§ Provided data
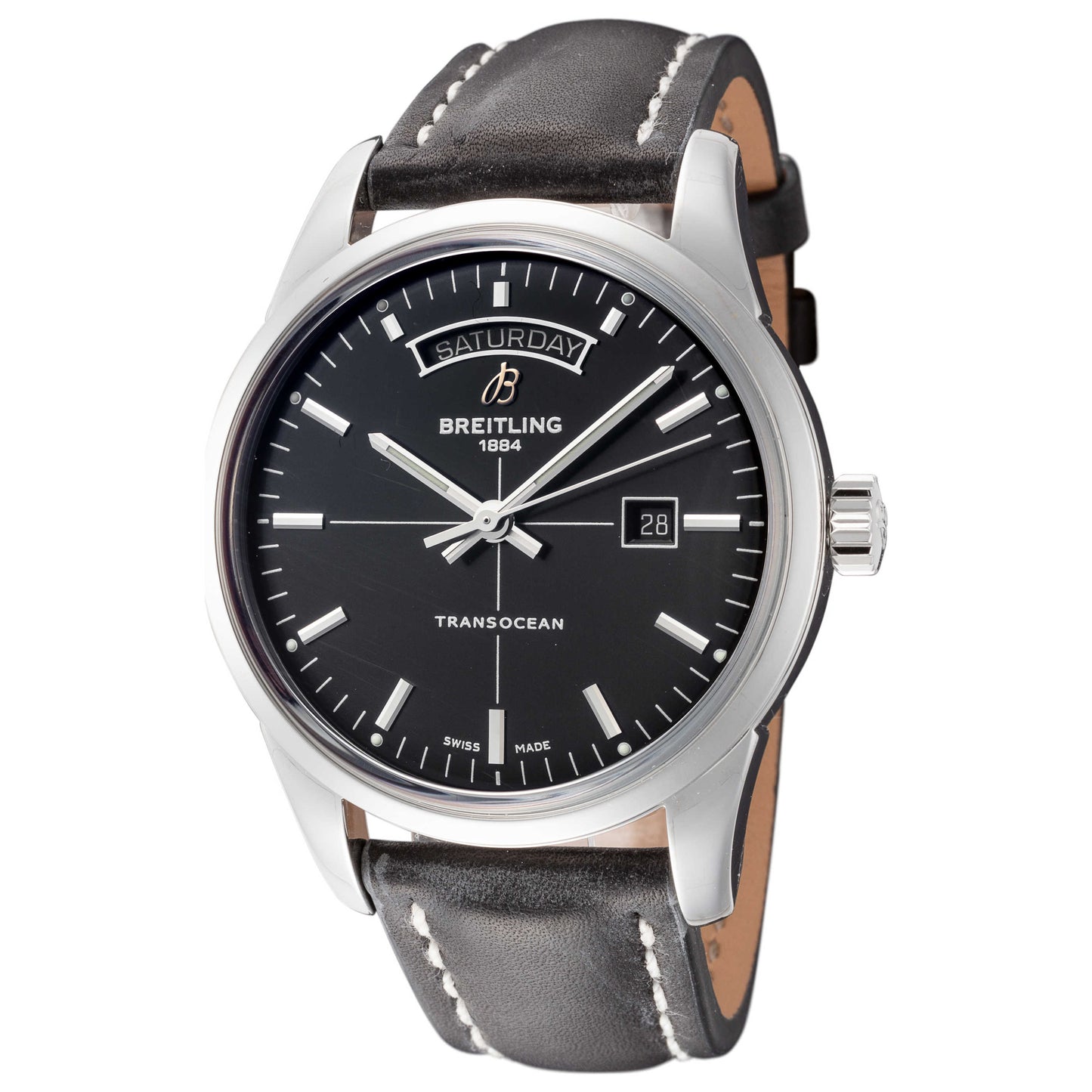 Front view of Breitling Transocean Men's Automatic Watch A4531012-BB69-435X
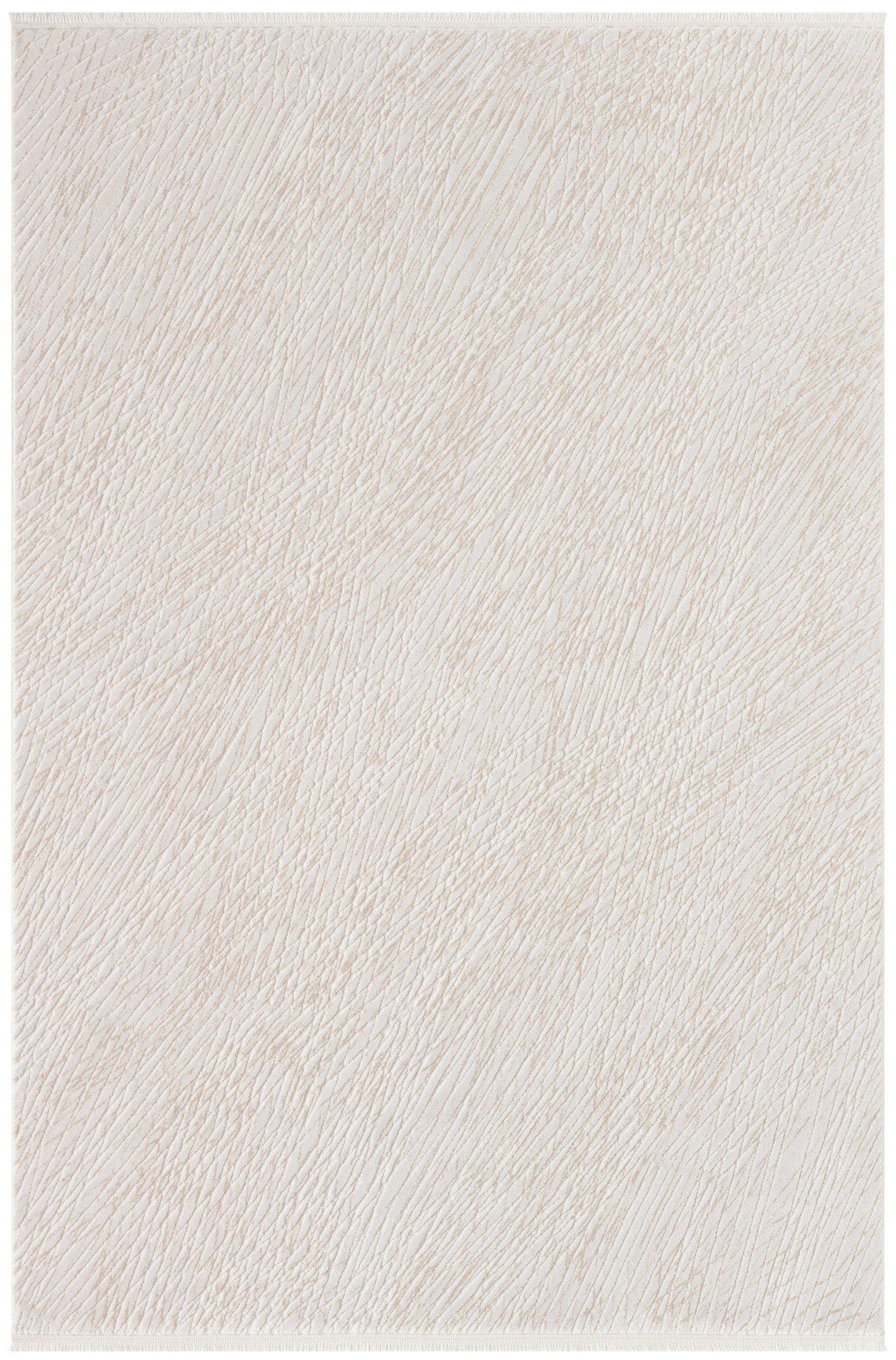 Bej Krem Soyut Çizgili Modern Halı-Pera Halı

...

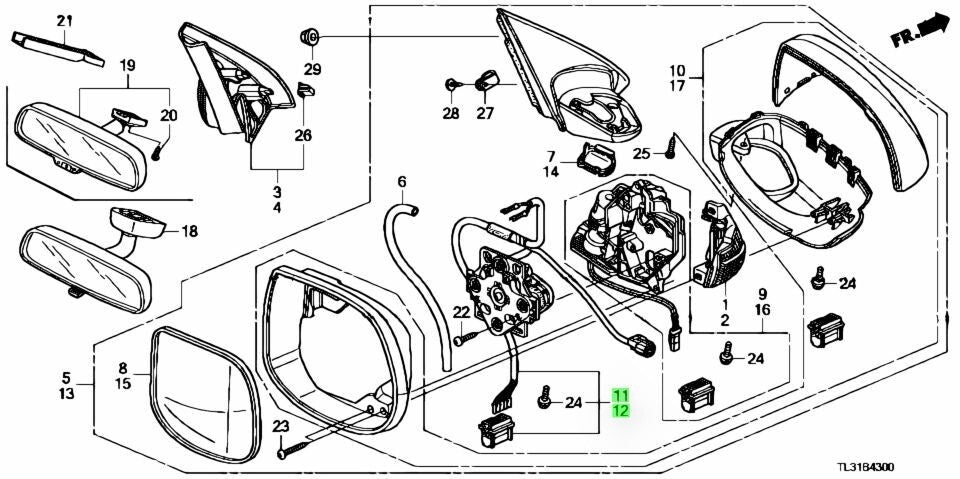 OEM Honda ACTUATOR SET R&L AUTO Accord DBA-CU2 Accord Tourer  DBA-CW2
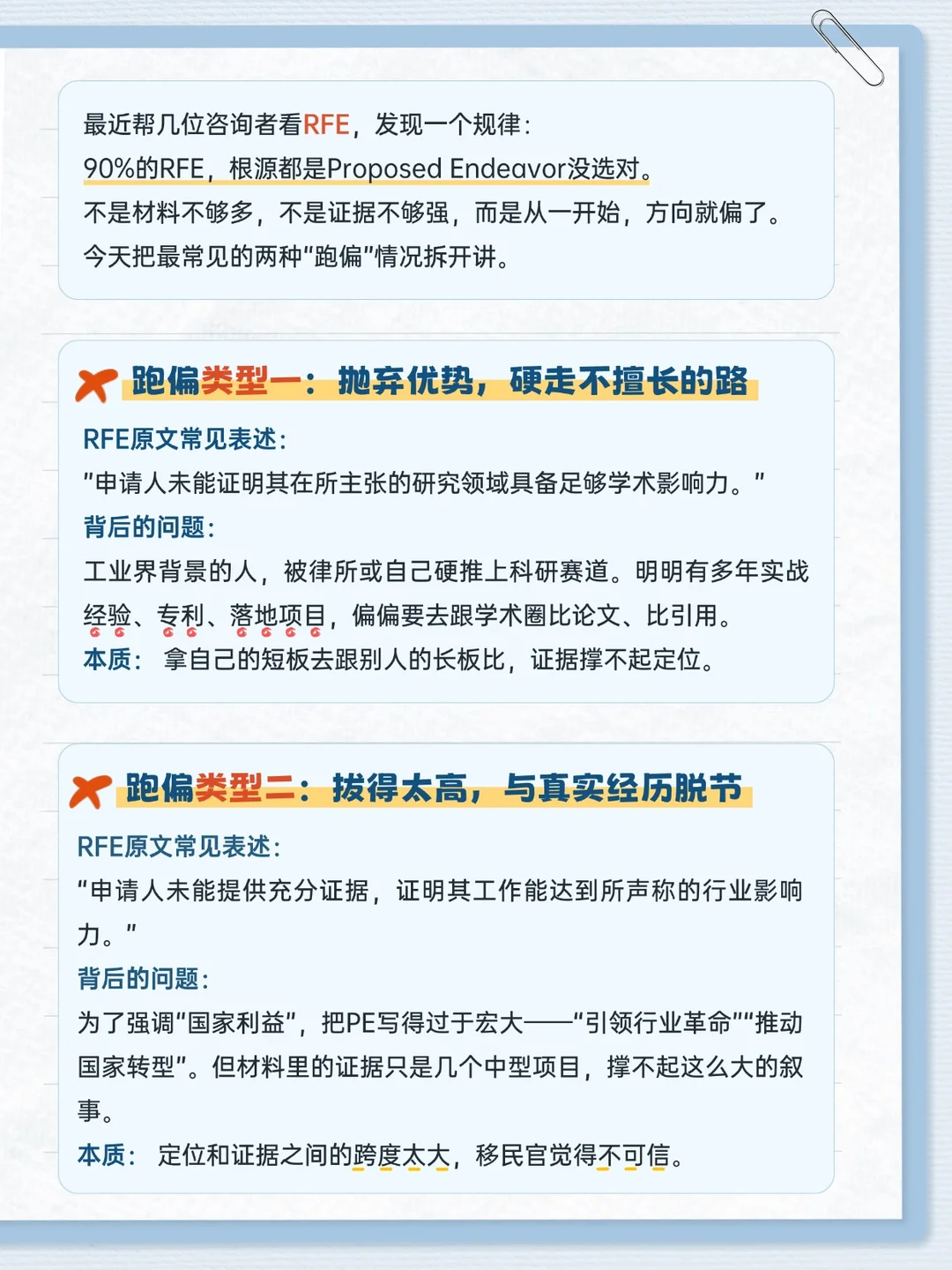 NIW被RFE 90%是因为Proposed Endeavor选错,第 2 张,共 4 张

§ The problem
Once the line with "Front view of" has been found above, output that line and every later line exactly, stopping after the line with "Bej Krem Soyut Çizgili Modern Halı-Pera Halı", and omit the pictures.

§ Task answer
 Front view of Breitling Transocean Men's Automatic Watch A4531012-BB69-435X
 Bej Krem Soyut Çizgili Modern Halı-Pera Halı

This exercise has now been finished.